• Try it:
An exact transcript of every entry is required, without any of the pictures.

Scraped caption text data
------------------------------------------------------------------------

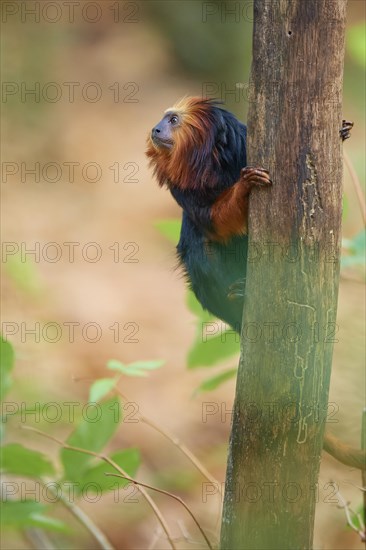 Golden-headed lion tamarin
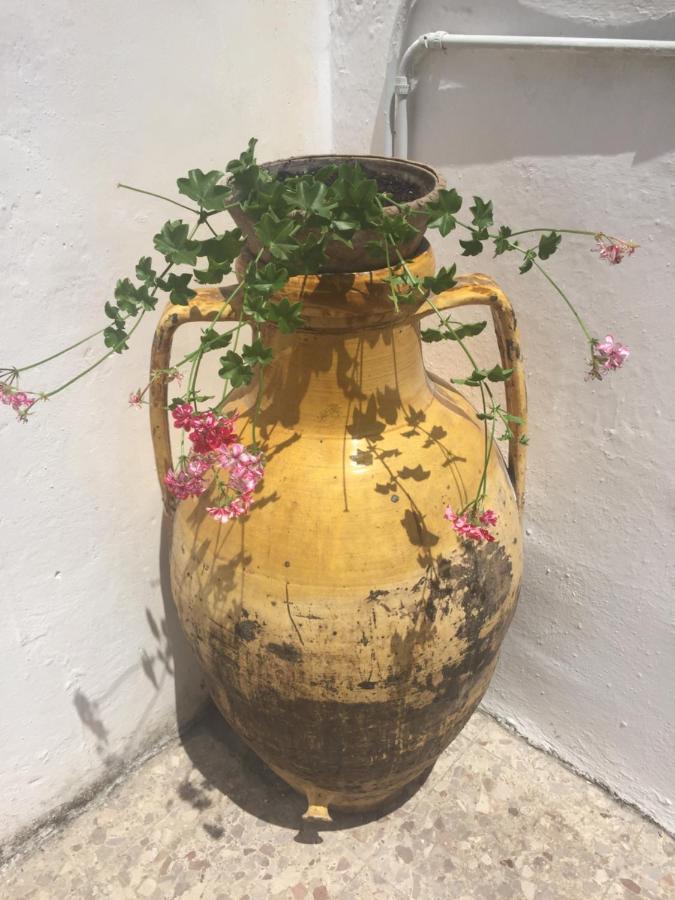 Salento Appartamenti كاسالابات المظهر الخارجي الصورة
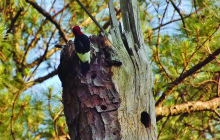 I’d Rather Be Watching Woodpeckers. By Rebeccah Waff Cope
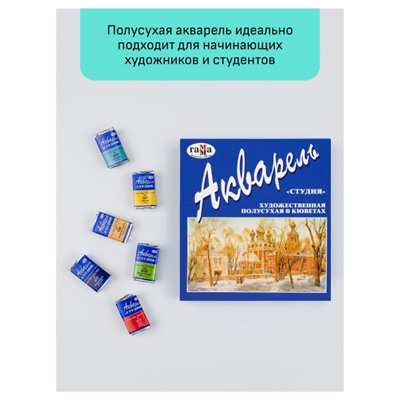 Набор красок акварельных художественных 12цв "Студия" 215002 полусухая Гамма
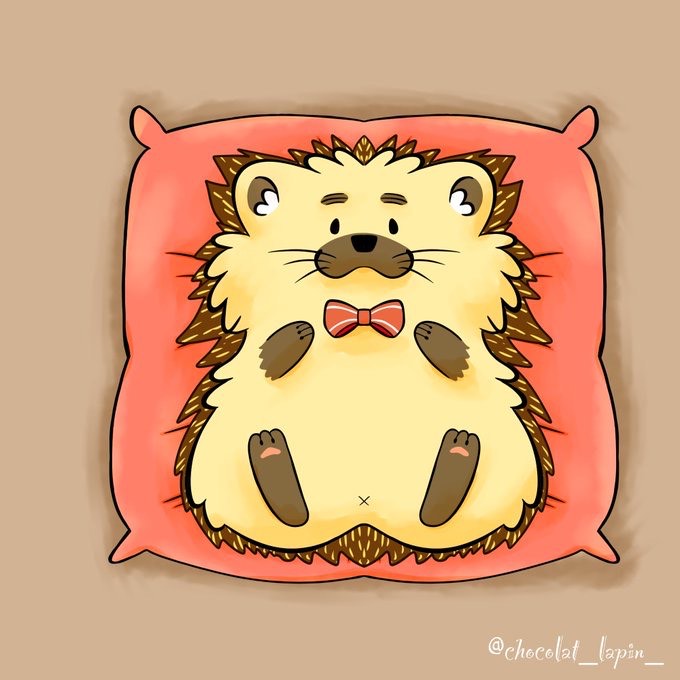 🦔おがちゃん🚤🛳☀️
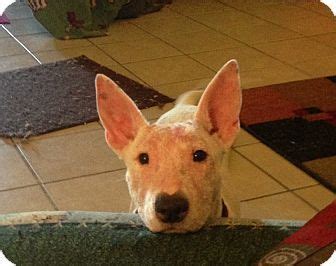 Sachse, TX - Bull Terrier. Meet Scarlett a Puppy for Adoption. | Bull terrier, Puppy adoption ...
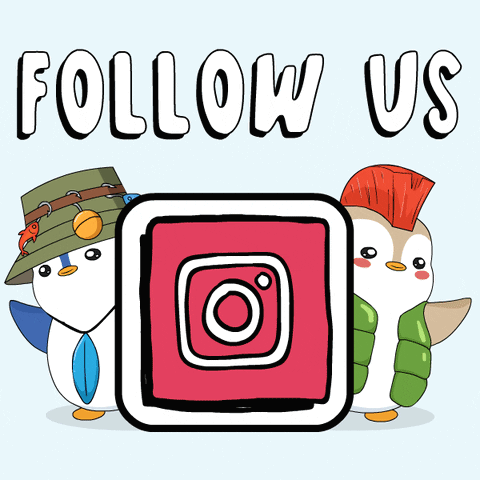 Follow Us Up On Our Every Platform Accounts GIF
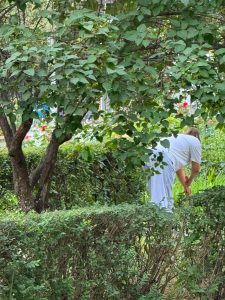 В Городской клинической больнице №1 Алматы состоялся очередной субботник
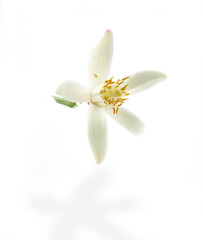 Zitronenbluete_Freisteller_04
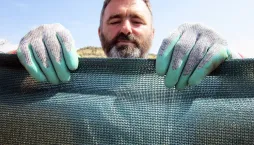 Stínovky v zahradě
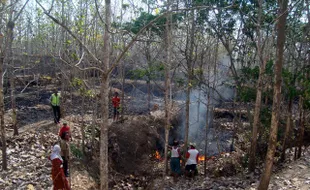 KEBAKARAN SRAGEN : 30 Hektare Hutan Rakyat di Gondang Hangus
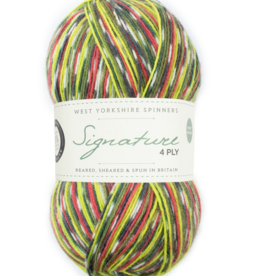 WYS Signature 4 Ply 100g #1170 green woodpecker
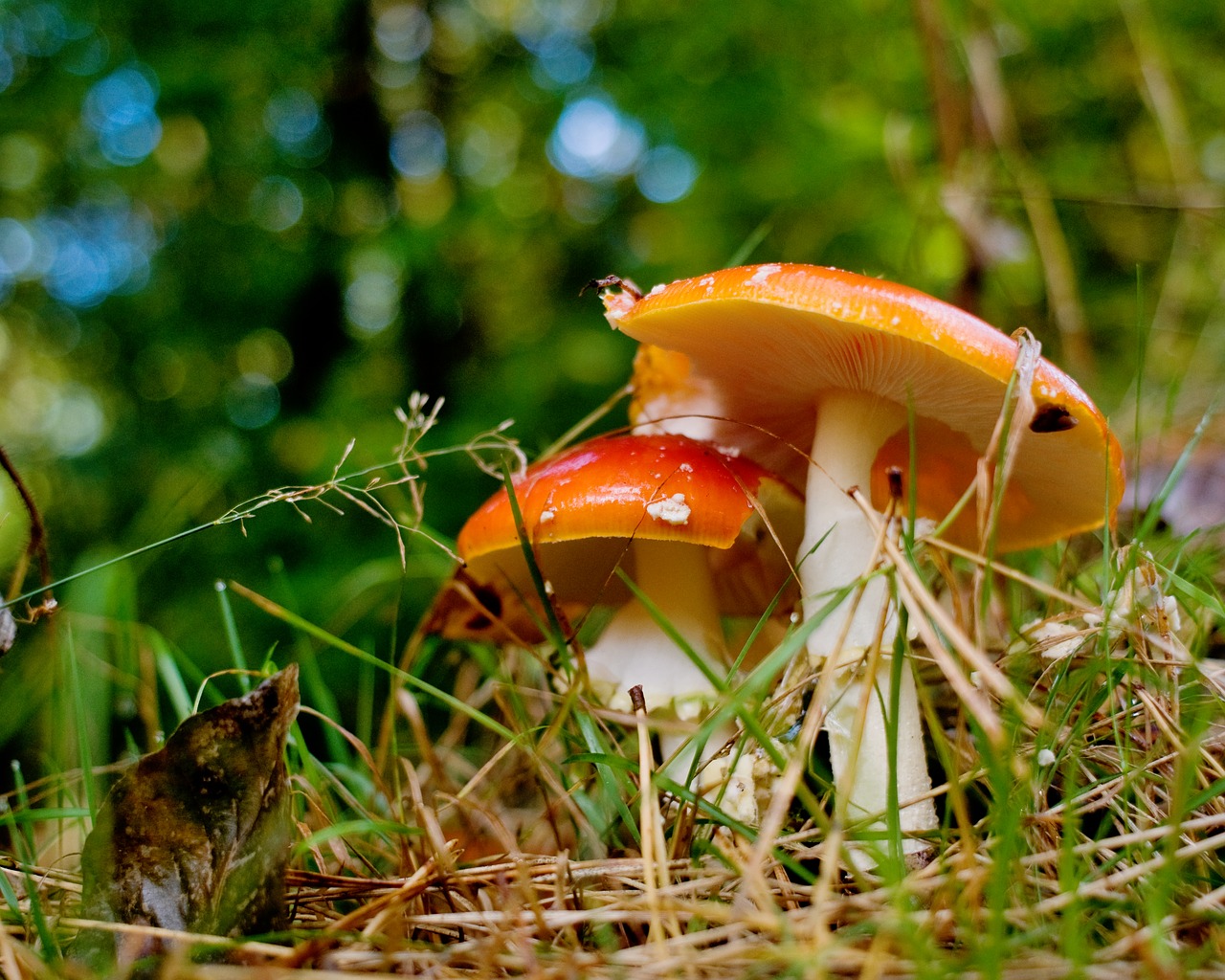 mushrooms forest autumn free photo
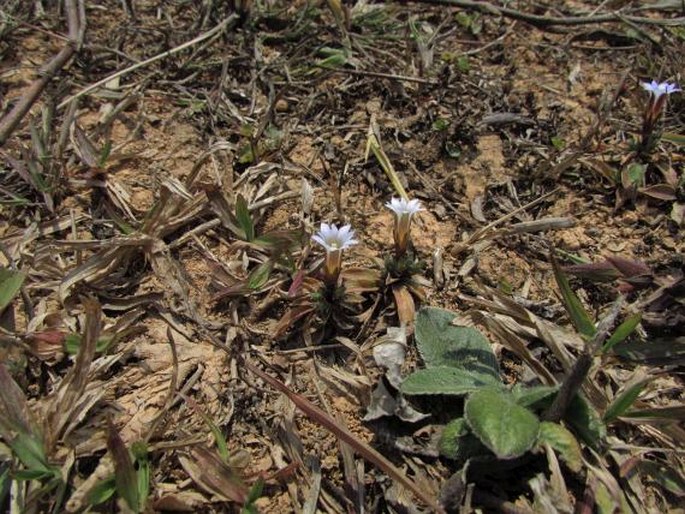 Gentiana loureiroi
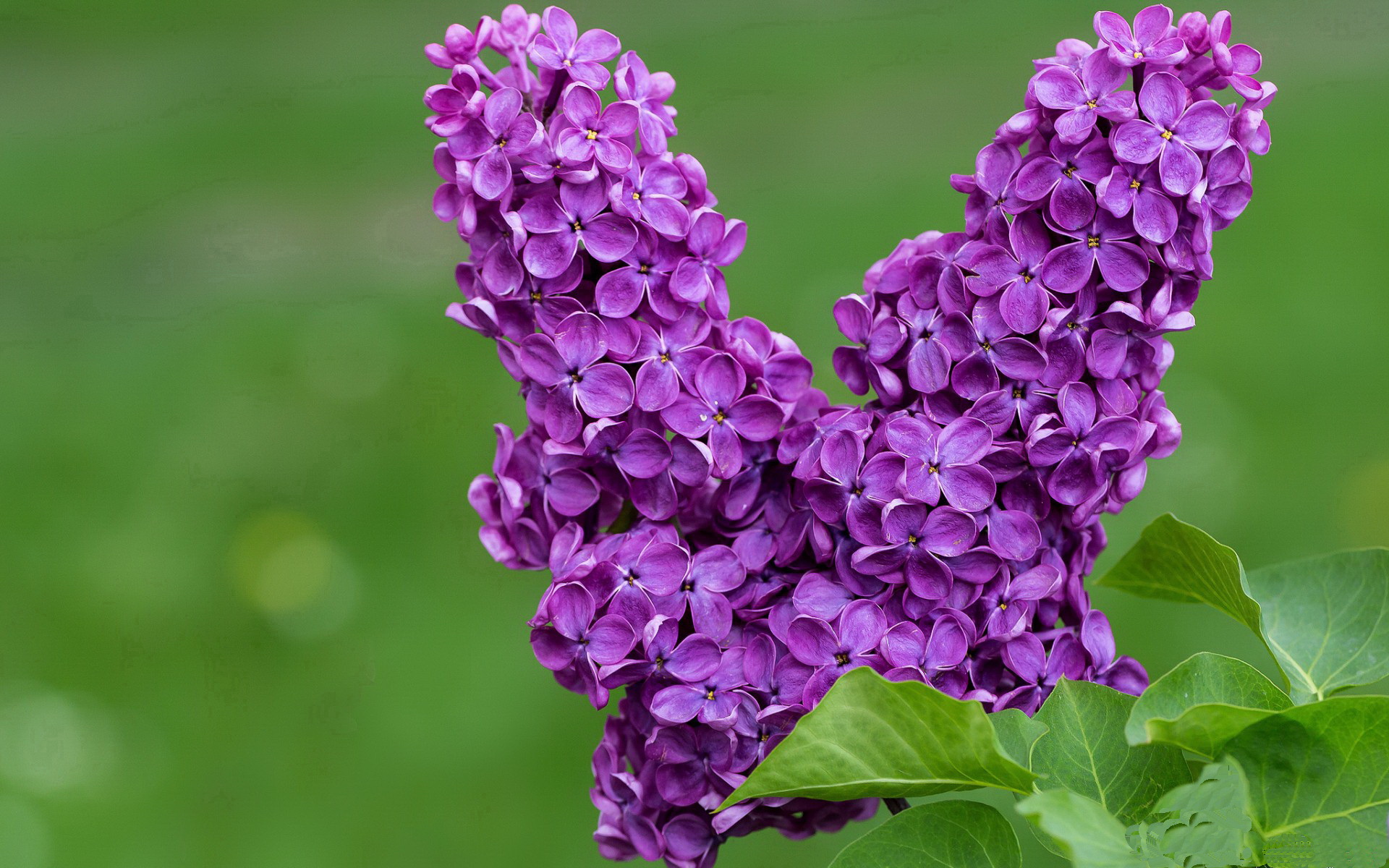 华体会手机在线-中超球队是否具备独立建设训练基地的能力，中超球队都是什么企业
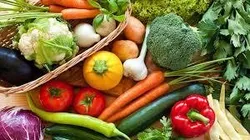 Shop_by_Crop_Vegetable__KISAN AGRI KENDRA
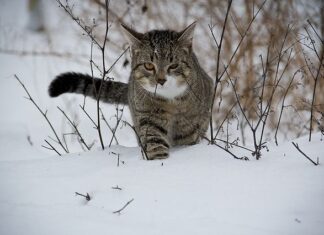 El parto de una GATA- Señales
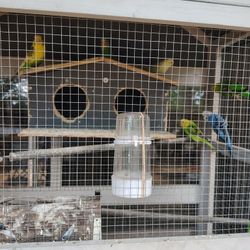 Parakeets With Cage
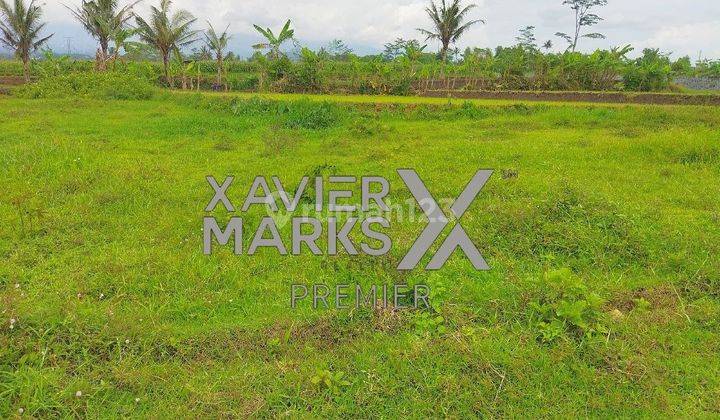 Dijual Tanah Kavling Luas 142 M2 Di Mulyorejo Kec. Sukun, Malang 5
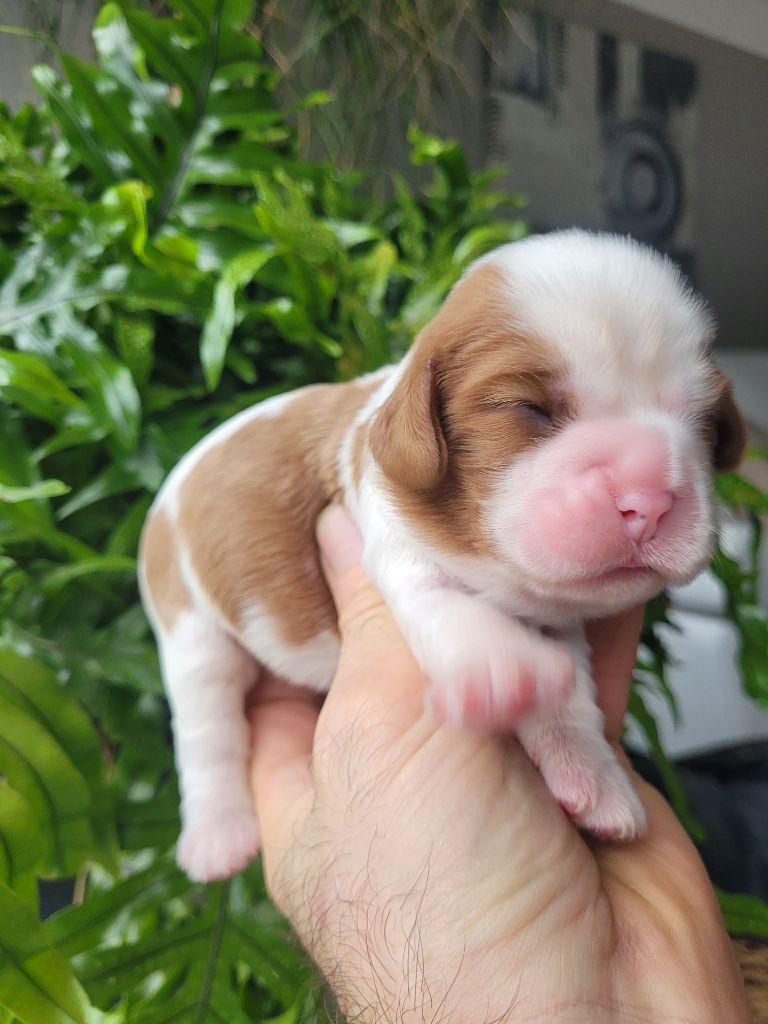 du domaine du grand saule - Chiot disponible  - Cavalier King Charles Spaniel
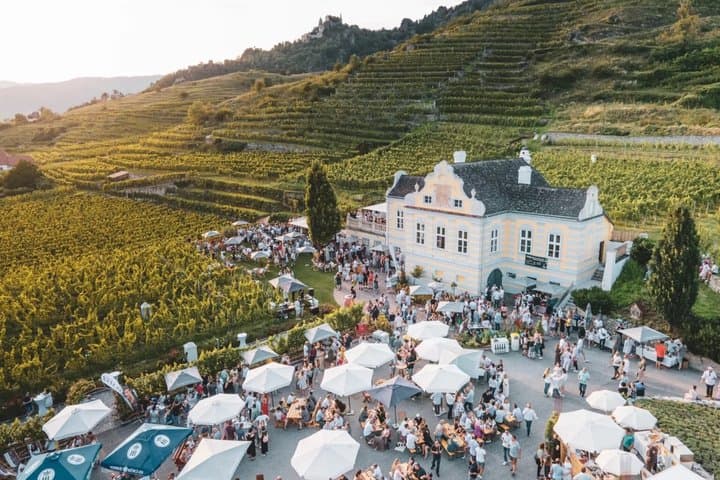Wachau Valley Boat and Wine Private Day Experience from Vienna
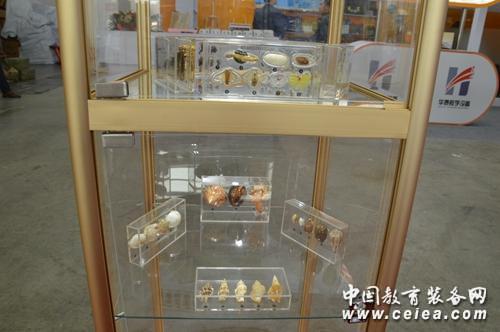 第70屆中國(guó)教育裝備展 棲霞市弘儒生物亮相(圖4)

------------------------------------------------------------------------

• Output for this task:
 Golden-headed lion tamarin
 Salento Appartamenti كاسالابات المظهر الخارجي الصورة
 I’d Rather Be Watching Woodpeckers. By Rebeccah Waff Cope
 Набор красок акварельных художественных 12цв "Студия" 215002 полусухая Гамма
 🦔おがちゃん🚤🛳☀️
 Sachse, TX - Bull Terrier. Meet Scarlett a Puppy for Adoption. | Bull terrier, Puppy adoption ...
 Follow Us Up On Our Every Platform Accounts GIF
 В Городской клинической больнице №1 Алматы состоялся очередной субботник
 Zitronenbluete_Freisteller_04
 Stínovky v zahradě
 KEBAKARAN SRAGEN : 30 Hektare Hutan Rakyat di Gondang Hangus
 WYS Signature 4 Ply 100g #1170 green woodpecker
 mushrooms forest autumn free photo
 Gentiana loureiroi
 华体会手机在线-中超球队是否具备独立建设训练基地的能力，中超球队都是什么企业
 Shop_by_Crop_Vegetable__KISAN AGRI KENDRA
 El parto de una GATA- Señales
 Parakeets With Cage
 Dijual Tanah Kavling Luas 142 M2 Di Mulyorejo Kec. Sukun, Malang 5
 du domaine du grand saule - Chiot disponible  - Cavalier King Charles Spaniel
Wachau Valley Boat and Wine Private Day Experience from Vienna
 第70屆中國(guó)教育裝備展 棲霞市弘儒生物亮相(圖4)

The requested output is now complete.